DAVID POGUE: John Castellani is a scientist at the Army’s Doriot test chamber.
JOHN CASTELLANI: Yeah, so this is our environmental chamber: 60 feet long...
DAVID POGUE: This gigantic room is designed to re-create every conceivable environment that a soldier might face, from the frigid mountains of Afghanistan, to the 120-degree deserts of Iraq.
JOHN CASTELLANI: …with the wind, and the humidity control.
DAVID POGUE: In order for this place to work, there’s one more thing they need: volunteers.
Will we be seeing one of these poor victims.
JOHN CASTELLANI: The only victim that we’re going to see in here today is yourself.
DAVID POGUE: Castellani “enlisted” me to help test ways of keeping soldiers cool in the heat. To do this, they’ll need to track my vital signs.
MARISSA SPITZ: For core temperature, you’ll be using this rectal probe.
DAVID POGUE: Rectal probe?.
MARISSA SPITZ: It may feel a bit uncomfortable, but.
DAVID POGUE: No kidding.
MARISSA SPITZ: …all the way past, to make sure it doesn’t fall out.
DAVID POGUE: How about I just go in there and tell you how I am? Pretty hot.
MARISSA SPITZ: This is mostly for your safety.
DAVID POGUE: Oh, thanks for thinking of me.
Next, they outfit me in 40 pounds of body armor. And then, it’s into the chamber.
JOHN CASTELLANI: It’s a hundred and four degrees in here.
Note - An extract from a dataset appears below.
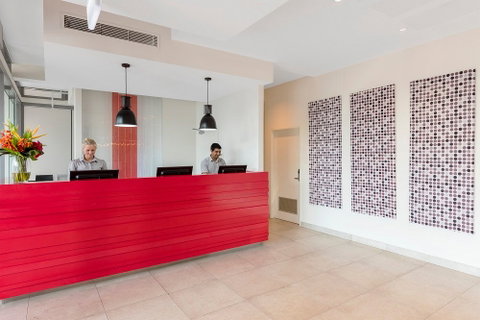 Oaks Elan Darwin - Accommodation Burleigh 1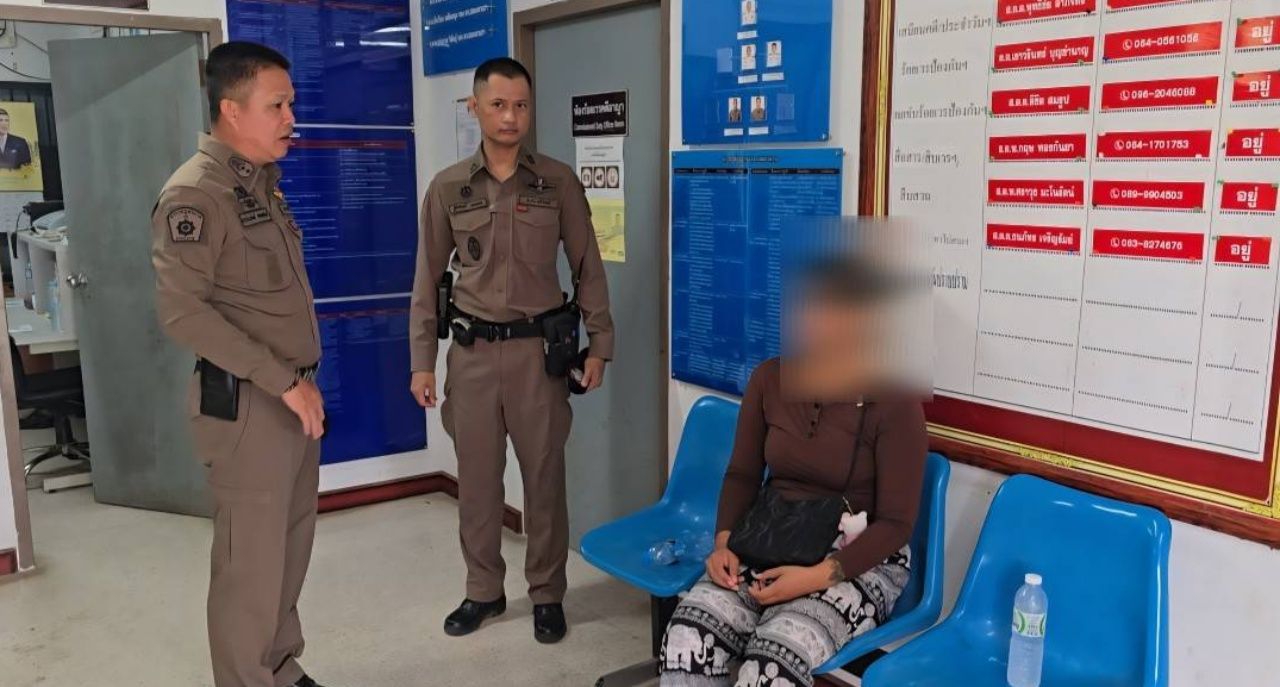 等待士兵审问BHQ护卫洪森，声称已辞职，不是柬埔寨间谍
DAVID POGUE: A hundred and four.
JOHN CASTELLANI: Yes.
DAVID POGUE: Can I get a little lemon.
Within minutes, my temperature is going up.
What is that? An hour.
WOMAN: Actually, it’s been about four minutes.
JOHN CASTELLANI: Their heart rates will start to rise, their core temperatures start to rise.
Your core temperature is around 101.5 degrees Fahrenheit.
Eventually, what will happen is they’ll become a heat exhaustion casualty.
DAVID POGUE: After two hours, I called it quits.
Please tell me there was some valid scientific purpose for that.
JOHN CASTELLANI: There is. I mean, really, what we’re trying to understand is—when we develop this kind of gear—is can we develop it in such a way that we can allow the body to be able to be able to get rid of the heat?
DAVID POGUE: Oh, man.
And why did I get so hot? Because of some basic laws of physics, which I seem to have missed in my high school science class. For example: What is heat? What is temperature? And what is cold.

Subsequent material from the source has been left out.